Training A Neural Network¶

Neural network(NN) has many applications. It has large amount of parameters we can train. Usually we train a NN to minimize loss function and make it perform well on some tasks. In this notebook, we are going to walk through a simple NN that can classify data into binary classes.

In [1]:

# import libraries
import seaborn as sns
import numpy as np
import matplotlib.pyplot as plt

preliminary¶

A neural network usually has many hidden layers and weights matrix as connection. Each unit must pass through activation function to decide fire or not. $$ H_2 = \sigma (H_1 * W_1) $$ $H_1$ and $H_2$ are hidden layers and $W_1$ is weight matrix and $\sigma$ is activation function. $\sigma$ is applied element-wisely.

There are many choices for activation functions, i.e., Sigmoid: $\sigma(x) = \frac{1}{1+e^{-x}} $
The higher output, the higher probability of being 'activated'.

In [2]:

def sigmoid(x):
    return 1. / (1+np.exp(-x))


# a plot sigmoid function
line = np.linspace(-5, 5, 100)
plt.plot(line, sigmoid(line), '.')
plt.ylim(0, 1)
plt.xlabel("input")
plt.ylabel("output")
plt.title("sigmoid")
plt.show()

Steepest gradient descent:
Usually we go a little step to update weight matrix using gradient: $W_1 = W_1 - \alpha \cdot \frac{d L}{d W_1}$. This update rule is justified by steepest gradient descent.

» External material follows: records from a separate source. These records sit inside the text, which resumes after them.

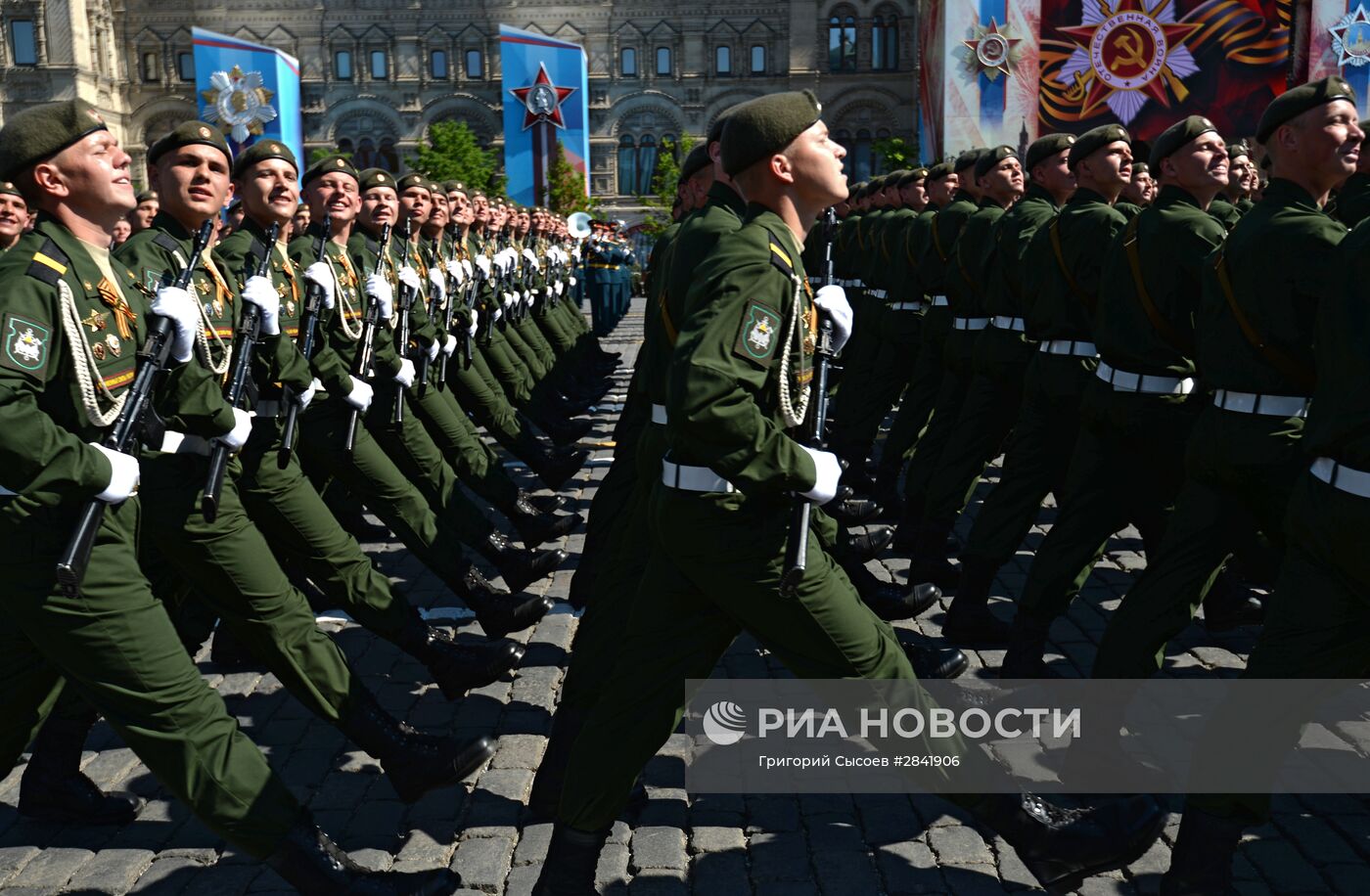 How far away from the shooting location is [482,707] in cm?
480

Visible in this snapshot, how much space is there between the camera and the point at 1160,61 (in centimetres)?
3784

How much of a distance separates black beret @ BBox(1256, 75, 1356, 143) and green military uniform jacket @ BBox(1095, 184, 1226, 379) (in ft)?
1.47

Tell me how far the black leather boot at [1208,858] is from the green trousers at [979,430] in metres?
2.97

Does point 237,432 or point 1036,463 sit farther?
point 1036,463

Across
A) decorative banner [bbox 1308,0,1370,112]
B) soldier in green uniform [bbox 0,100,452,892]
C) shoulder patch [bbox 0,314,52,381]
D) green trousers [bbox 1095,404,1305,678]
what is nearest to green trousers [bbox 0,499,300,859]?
soldier in green uniform [bbox 0,100,452,892]

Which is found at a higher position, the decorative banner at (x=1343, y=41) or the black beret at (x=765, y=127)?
the decorative banner at (x=1343, y=41)

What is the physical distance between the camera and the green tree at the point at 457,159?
42625mm

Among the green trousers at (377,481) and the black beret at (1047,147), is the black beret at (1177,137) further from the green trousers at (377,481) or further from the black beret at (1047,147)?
the green trousers at (377,481)

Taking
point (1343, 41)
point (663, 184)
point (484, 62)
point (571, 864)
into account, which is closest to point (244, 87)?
point (484, 62)

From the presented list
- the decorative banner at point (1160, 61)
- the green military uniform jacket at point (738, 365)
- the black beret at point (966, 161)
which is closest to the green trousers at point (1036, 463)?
the green military uniform jacket at point (738, 365)

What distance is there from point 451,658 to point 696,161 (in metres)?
2.88

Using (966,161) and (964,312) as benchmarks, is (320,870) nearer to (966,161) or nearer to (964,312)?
(964,312)

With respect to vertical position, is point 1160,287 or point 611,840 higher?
point 1160,287

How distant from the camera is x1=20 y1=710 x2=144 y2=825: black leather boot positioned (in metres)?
3.90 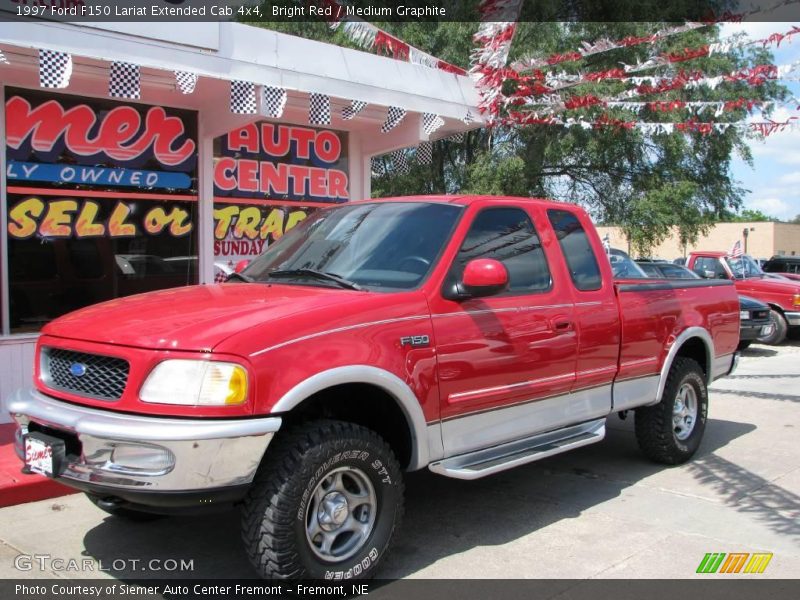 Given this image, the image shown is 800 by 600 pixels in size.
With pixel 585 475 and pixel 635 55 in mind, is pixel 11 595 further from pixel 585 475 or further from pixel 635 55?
pixel 635 55

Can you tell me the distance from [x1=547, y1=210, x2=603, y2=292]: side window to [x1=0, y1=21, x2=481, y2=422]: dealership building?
391cm

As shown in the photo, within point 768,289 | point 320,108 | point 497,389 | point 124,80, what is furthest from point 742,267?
point 497,389

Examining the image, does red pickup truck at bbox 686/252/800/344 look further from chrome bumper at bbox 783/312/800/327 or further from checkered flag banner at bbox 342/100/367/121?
checkered flag banner at bbox 342/100/367/121

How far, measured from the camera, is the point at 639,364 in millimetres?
5715

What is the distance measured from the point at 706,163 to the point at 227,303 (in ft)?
56.9

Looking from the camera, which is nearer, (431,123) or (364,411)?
(364,411)

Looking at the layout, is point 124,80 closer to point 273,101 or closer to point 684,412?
point 273,101

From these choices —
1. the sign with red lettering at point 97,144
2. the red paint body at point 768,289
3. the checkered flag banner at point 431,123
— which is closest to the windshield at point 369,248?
the sign with red lettering at point 97,144

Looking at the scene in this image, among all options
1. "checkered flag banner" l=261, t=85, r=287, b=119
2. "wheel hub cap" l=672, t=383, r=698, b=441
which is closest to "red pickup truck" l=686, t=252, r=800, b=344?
"wheel hub cap" l=672, t=383, r=698, b=441

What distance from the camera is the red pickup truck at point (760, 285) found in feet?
50.6

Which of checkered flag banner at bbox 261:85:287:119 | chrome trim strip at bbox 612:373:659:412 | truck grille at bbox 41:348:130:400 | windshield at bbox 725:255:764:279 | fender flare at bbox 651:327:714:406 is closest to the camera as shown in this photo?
truck grille at bbox 41:348:130:400

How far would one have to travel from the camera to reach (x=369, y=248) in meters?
4.60

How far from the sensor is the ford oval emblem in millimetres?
3639

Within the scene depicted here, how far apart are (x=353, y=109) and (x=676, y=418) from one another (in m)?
5.07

$W_1$ update using derivative $\frac{d L}{d W_1}$(or gradient):
Firstly, we specify our notations:
$H_1^{(i)(j)}$: $i$ th row $j$ th colume in $H_1$, $I$ rows X $J$ columes in total;
$W_1^{(j)(k)}$: $j$ th row $k$ th colume in $W_1$, $J$ rows X $K$ columes in total;
$H_2^{(i)(k)}$: $i$ th row $k$ th colume in $H_2$, $I$ rows X $K$ columes in total;
Let's start by partial derivative of certain element of $W_1$, say $\frac{\partial L}{\partial W_1^{(j)(k)}}$. According to chain rule:
$$ \frac{\partial L}{\partial W_1^{(j)(k)}} = \frac{\partial H_2}{\partial W_1^{(j)(k)}} \cdot \frac{\partial L}{\partial H_2} $$
So if $W_1^{(j)(k)}$ is changed, $H_2$ will also change; As $H_2$ has changed, so does $L$. We want to sum up all such changes in $L$, our objective is to minimize it:
$$ \frac{\partial L}{\partial W_1^{(j)(k)}} = \sum_{i=1}^{I} \frac{\partial H_2^{(i)(k)}}{\partial W_1^{(j)(k)}} \frac{\partial L}{\partial H2^{(i)(k)}} \dots \dots (1) $$ Notice that those are coefficeints of linear function:
$$ \sum_{j=1}^{J} H_1^{(i)(j)} W_1^{(j)(k)} = H_2^{(i)(k)} $$ Hence, $\frac{\partial H_2^{(i)(k)}}{\partial W_1^{(j)(k)}} = H_1^{(i)(j)}$. Plug it into equation $(1)$ above:
$$ \frac{\partial L}{\partial W_1^{(j)(k)}} = \sum_{i=1}^{I} H_1^{(i)(j)} \frac{\partial L}{\partial H2^{(i)(k)}} $$ Here is an illustration:

In the image above, $j$ and $k$ is fixed for partial derivative of $W_1^{(j)(k)}$; $\sum$ is over $i$, which can be seen as dot-product between $j$th in $H_1$ and $k$th colume in $\frac{\partial L}{\partial H_2}$.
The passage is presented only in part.